A post by Adam Kolber at PrawfsBlawg made me aware of an egregious practice by many federal regulatory agencies: they incorporate privately developed industry standards into federal law by reference, without including a copy of those standards as part of the regulation.
On its own, that isn't too bad, of course: it just makes research a little bit harder. But the unconscionable thing is that the agencies do not require that the standards be freely available to the public. A lot of the time, private standards agencies will make copyright claims and require that interested parties pay for access to the standards, which are a part of the law.
These aren't highly obvious legal restrictions either, or restrictions on things which are malum in se (bad in themselves.) They're highly technical rules that companies in certain industries must follow for fear of legal repurcussions. There's no way to be sure of compliance without purchasing access to the standards — in other words, you have to pay to know what the law says.
One of the crucial assumptions of our system of justice is that the law is available to be read by anyone who's interested and cares to take the time. If I'm interested in the precise details of traffic laws in my state, for instance, I can easily look through them without even hiring a lawyer. Nowadays I just look on the Internet; previously I could go to a library or government office. But not so with these "standards." They're hidden from anyone who isn't willing to pony up the cash. It's governmental secrecy at its worst.

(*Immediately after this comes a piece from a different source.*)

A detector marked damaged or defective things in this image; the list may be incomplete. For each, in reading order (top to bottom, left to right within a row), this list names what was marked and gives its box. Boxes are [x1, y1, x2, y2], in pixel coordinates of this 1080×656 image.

Of course, the solution is obvious: rather than forcing regulated companies to pay the cost of writing regulations (by paying the standards agencies for access) the government agencies should pay the standards agencies enough to get permission to publish the full text of the standards along with the rest of the regulations. It'll cost the same amount, but the right people will be paying. The private-public partnership will be preserved, without any of the terrible aspects of the current system.

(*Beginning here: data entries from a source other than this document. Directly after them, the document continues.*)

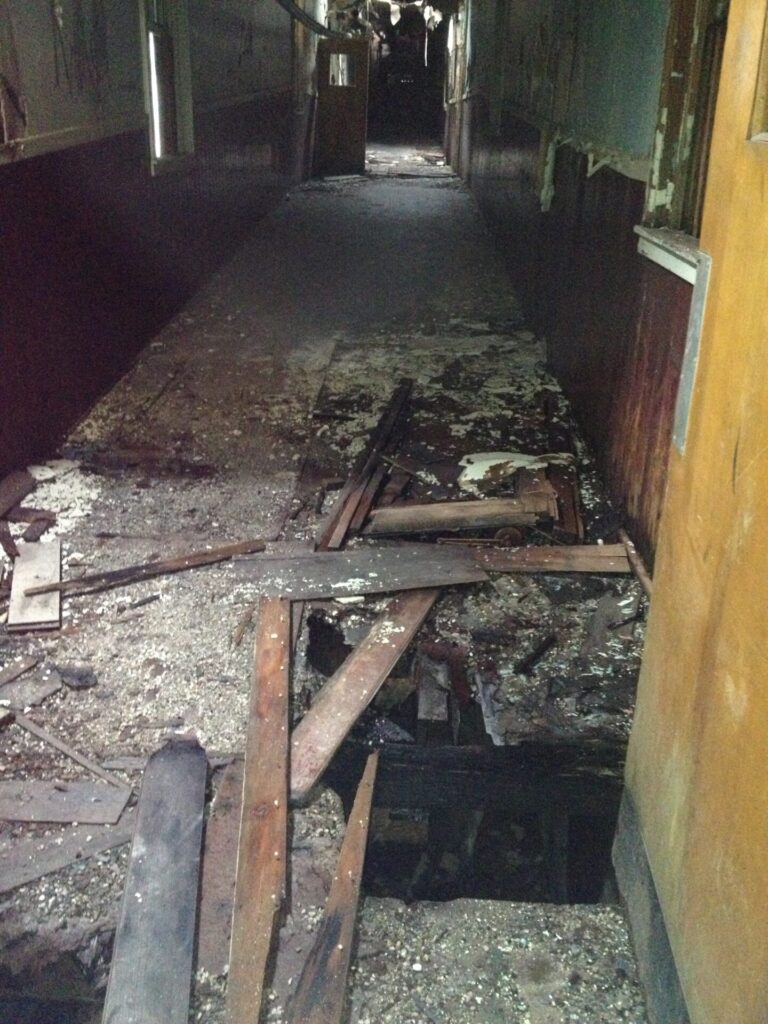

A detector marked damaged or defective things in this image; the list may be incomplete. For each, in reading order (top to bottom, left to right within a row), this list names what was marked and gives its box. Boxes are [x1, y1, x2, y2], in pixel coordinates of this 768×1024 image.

broken window frame [140, 0, 196, 175]
charred wood plank [103, 740, 210, 1024]
charred wood plank [228, 596, 292, 1020]
charred wood plank [286, 748, 380, 1020]
charred wood plank [290, 592, 436, 800]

Not only do laws which require cash for access invite egregious due process violations (how can we hold people responsible for obeying laws which they have to pay to read?), they also set up terrible incentives for regulators. Emily Bremer, an Attorney Adviser at the Administrative Conference of the United States who "wrote the research report underlying the recommendation" of ACUS supporting this practice, commented on the PrawfsBlawg post in her personal capacity. While trying to defend the incorporation of paid-access standards into the law, she provided an excellent explanation of why it's a terrible idea:
I agree that government buying the standards is an obvious solution, and it was an option discussed during the Conference's process. In my view, the difficulty with the approach is largely practical. If the goal is to provide a full copy of an incorporated standard online for all to see, the agency has to pay more than just the cost of the standard's regulatory use. It has to buy out the whole market for the standard (because it become available to anyone, even if they want it for a non-regulatory purpose). The potential cost is staggering, especially if you consider that there are thousand of standards already incorporated by reference that would have to bought out at once to implement the solution in the short-term. Particularly in the current budget environment, this is just not a workable solution.

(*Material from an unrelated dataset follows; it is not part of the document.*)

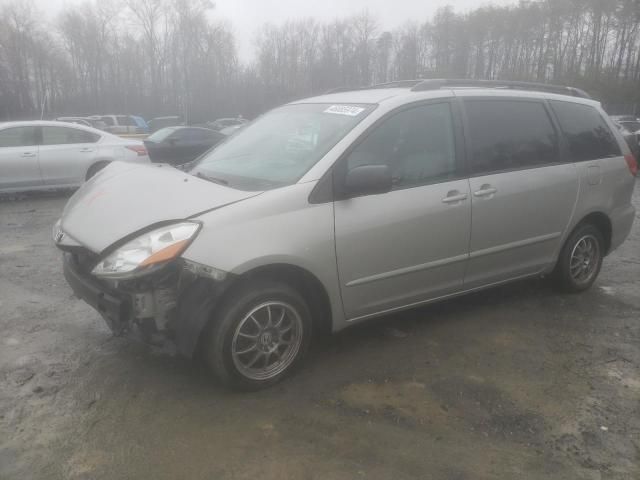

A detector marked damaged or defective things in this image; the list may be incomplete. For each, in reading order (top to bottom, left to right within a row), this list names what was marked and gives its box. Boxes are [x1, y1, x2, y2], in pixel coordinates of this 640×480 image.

Another concern, beyond the potential for excessive entanglement between government and private standard developers, is the incentives the approach might create for agencies considering incorporating a standard. Standards are regularly updated to reflect evolving technical knowledge. Say Agency A incorporates the 2002 version of a standard by reference and pays for it to be freely available online. A new version comes out in 2005, and its more protective, but perhaps only marginally. When Agency B finds that it needs to incorporate the standard by reference, financial considerations might provide an incentive for it to incorporate the less protective 2002 standard. After all, that one's already been bought by another agency, so why spend scarce resources on the slightly newer version?This is a great statement of a relatively obvious fact: forcing regulated agencies to pay for the cost of writing the regulations hides the cost of writing those regulations. It should be obvious to an informed observer that having the agencies pay for access to the standards wouldn't be more expensive than having the regulated companies pay; it just relocates the expense. But the incorporation scheme allows agencies to pretend that they're doing their job more cheaply than they actually are.
And it is almost never a good idea to separate decision-making from payment, because it removes the incentives for rational cost-benefit analysis. In the hypothetical Ms. Bremer poses in the second paragraph, Agency B definitely should incorporate the 2002 standards rather than the 2005 standards. Just as it doesn't make sense for the government to pay a lot of money for only slightly better standards, it doesn't make sense for the government to force companies to pay a lot of money for access to only slightly better standards. For that matter, it doesn't make sense for standards agencies to spend a lot of money rewriting standards if they're only going to make them slightly better. If Agency B requires companies to purchase the 2005 standard, there will be a huge amount of inefficiency and waste of scare resources. And that's something we can't afford, especially in the current economic environment.
I'm not usually one to be outraged by federal regulation, but if we're at the point where the government isn't even paying to write the regulations anymore, we've gone too far. Governing, especially with an administrative state, is expensive. We shouldn't allow agencies to hide that fact by using their authority to force private companies to do their job for them.